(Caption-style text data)
==========
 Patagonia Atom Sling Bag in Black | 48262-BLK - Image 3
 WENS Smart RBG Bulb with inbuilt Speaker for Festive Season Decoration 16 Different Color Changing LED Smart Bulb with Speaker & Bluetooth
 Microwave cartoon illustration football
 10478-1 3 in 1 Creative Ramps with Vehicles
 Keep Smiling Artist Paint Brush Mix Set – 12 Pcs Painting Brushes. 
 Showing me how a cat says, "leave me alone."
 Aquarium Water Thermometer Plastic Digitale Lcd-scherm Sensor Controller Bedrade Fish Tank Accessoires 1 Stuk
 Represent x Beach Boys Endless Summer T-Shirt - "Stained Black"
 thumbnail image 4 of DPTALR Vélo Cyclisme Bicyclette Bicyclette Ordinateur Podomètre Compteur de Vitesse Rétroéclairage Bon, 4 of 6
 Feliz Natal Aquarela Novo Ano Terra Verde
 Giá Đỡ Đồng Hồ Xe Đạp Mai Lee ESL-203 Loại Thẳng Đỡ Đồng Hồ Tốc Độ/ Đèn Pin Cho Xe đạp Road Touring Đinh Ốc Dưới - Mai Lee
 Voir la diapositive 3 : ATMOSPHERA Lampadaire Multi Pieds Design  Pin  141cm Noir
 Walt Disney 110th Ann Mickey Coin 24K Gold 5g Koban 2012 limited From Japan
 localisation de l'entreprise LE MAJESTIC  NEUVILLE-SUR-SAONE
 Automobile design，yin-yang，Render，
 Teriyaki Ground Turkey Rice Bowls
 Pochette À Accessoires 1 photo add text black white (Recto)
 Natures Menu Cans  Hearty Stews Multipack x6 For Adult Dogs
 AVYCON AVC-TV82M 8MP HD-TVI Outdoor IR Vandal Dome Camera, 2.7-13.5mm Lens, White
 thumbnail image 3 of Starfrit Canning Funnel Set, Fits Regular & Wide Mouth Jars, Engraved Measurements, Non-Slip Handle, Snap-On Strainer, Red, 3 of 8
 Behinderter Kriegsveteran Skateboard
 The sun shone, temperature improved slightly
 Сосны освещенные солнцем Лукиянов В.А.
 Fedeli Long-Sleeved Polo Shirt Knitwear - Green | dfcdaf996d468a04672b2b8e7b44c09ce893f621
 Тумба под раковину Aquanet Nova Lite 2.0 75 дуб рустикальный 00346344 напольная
==========
Reproduce the entries exactly, but only from their first line to the line holding "The sun shone, temperature improved slightly", with that last line kept.

 Patagonia Atom Sling Bag in Black | 48262-BLK - Image 3
 WENS Smart RBG Bulb with inbuilt Speaker for Festive Season Decoration 16 Different Color Changing LED Smart Bulb with Speaker & Bluetooth
 Microwave cartoon illustration football
 10478-1 3 in 1 Creative Ramps with Vehicles
 Keep Smiling Artist Paint Brush Mix Set – 12 Pcs Painting Brushes. 
 Showing me how a cat says, "leave me alone."
 Aquarium Water Thermometer Plastic Digitale Lcd-scherm Sensor Controller Bedrade Fish Tank Accessoires 1 Stuk
 Represent x Beach Boys Endless Summer T-Shirt - "Stained Black"
 thumbnail image 4 of DPTALR Vélo Cyclisme Bicyclette Bicyclette Ordinateur Podomètre Compteur de Vitesse Rétroéclairage Bon, 4 of 6
 Feliz Natal Aquarela Novo Ano Terra Verde
 Giá Đỡ Đồng Hồ Xe Đạp Mai Lee ESL-203 Loại Thẳng Đỡ Đồng Hồ Tốc Độ/ Đèn Pin Cho Xe đạp Road Touring Đinh Ốc Dưới - Mai Lee
 Voir la diapositive 3 : ATMOSPHERA Lampadaire Multi Pieds Design  Pin  141cm Noir
 Walt Disney 110th Ann Mickey Coin 24K Gold 5g Koban 2012 limited From Japan
 localisation de l'entreprise LE MAJESTIC  NEUVILLE-SUR-SAONE
 Automobile design，yin-yang，Render，
 Teriyaki Ground Turkey Rice Bowls
 Pochette À Accessoires 1 photo add text black white (Recto)
 Natures Menu Cans  Hearty Stews Multipack x6 For Adult Dogs
 AVYCON AVC-TV82M 8MP HD-TVI Outdoor IR Vandal Dome Camera, 2.7-13.5mm Lens, White
 thumbnail image 3 of Starfrit Canning Funnel Set, Fits Regular & Wide Mouth Jars, Engraved Measurements, Non-Slip Handle, Snap-On Strainer, Red, 3 of 8
 Behinderter Kriegsveteran Skateboard
 The sun shone, temperature improved slightly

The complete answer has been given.